Genneya Walton, the actress currently lighting up screens as BB Urich in Season 2 of Marvel’s Daredevil: Born Again, has officially signed with Strand Entertainment for management.
Jason Shapiro will oversee her career at the LA-based management and production company co-founded with Jeff Golenberg, which itself grew out of Silver Lining Entertainment.
Walton brings a strong résumé to the table. She’s a series regular veteran from Netflix’s #BlackAF and Project Mc², and has logged major recurring roles on Never Have I Ever, 9-1-1 alongside Angela Bassett, and Extant opposite Halle Berry.
On the film side, she starred in the Storm Reid-produced Darby and the Dead for Hulu and appeared in Amazon’s holiday hit Candy Cane Lane with Eddie Murphy.
Much like the recent Brad Anderson–Cinetic Media pairing, this signing reflects a talent with serious screen credits finding a dedicated management home to fuel the next chapter.
Before acting, Walton started dancing at age six and performed alongside Janet Jackson on her comeback tour. She’s also trained in XMA and film stunts, a skillset that fits well inside the Marvel universe.
Strand has been signing aggressively in 2026. The company recently added Peacemaker actress Sol Rodriguez and Pretty Little Liars alum Ashley Benson to its roster, a pattern that mirrors moves seen elsewhere, like Isla Fisher’s pivot to Anonymous Content.
Walton continues with Paradigm Talent Agency for representation and align Public Relations for publicity.
Takeaways
Walton’s signing is a signal move. She’s entering her management relationship at exactly the right inflection point, a Marvel series regular with proven credits across Netflix, Hulu, Amazon, and Disney+. Strand, meanwhile, is building something intentional: a roster of screen talent with real range, not just name recognition.

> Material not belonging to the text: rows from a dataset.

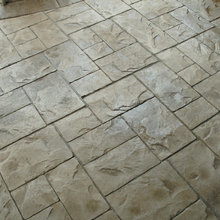 concrete driveways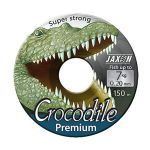 Леска Jaxon Crocodile Premium - Clear (Прозрачный) - 150 м (2шт/уп?)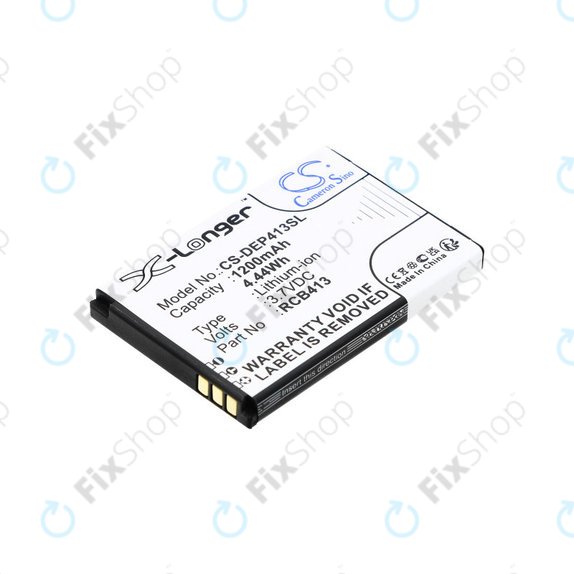Doro Primo 406 - Baterie RCB413 1200mAh HQ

The company’s 2026 signing pace suggests it’s in expansion mode, and landing Walton (multi-hyphenate, stunt-trained, and now in the MCU ecosystem) fits that strategy well.
What’s particularly notable here is the infrastructure Walton already has in place. Paradigm on the agency side and align PR on publicity, that’s a full team assembled just as her profile is rising fastest.
Could Walton’s stunt and XMA training open doors to more action-forward MCU or franchise opportunities? What does Strand’s 2026 signing pace tell us about where boutique management companies are headed in Hollywood?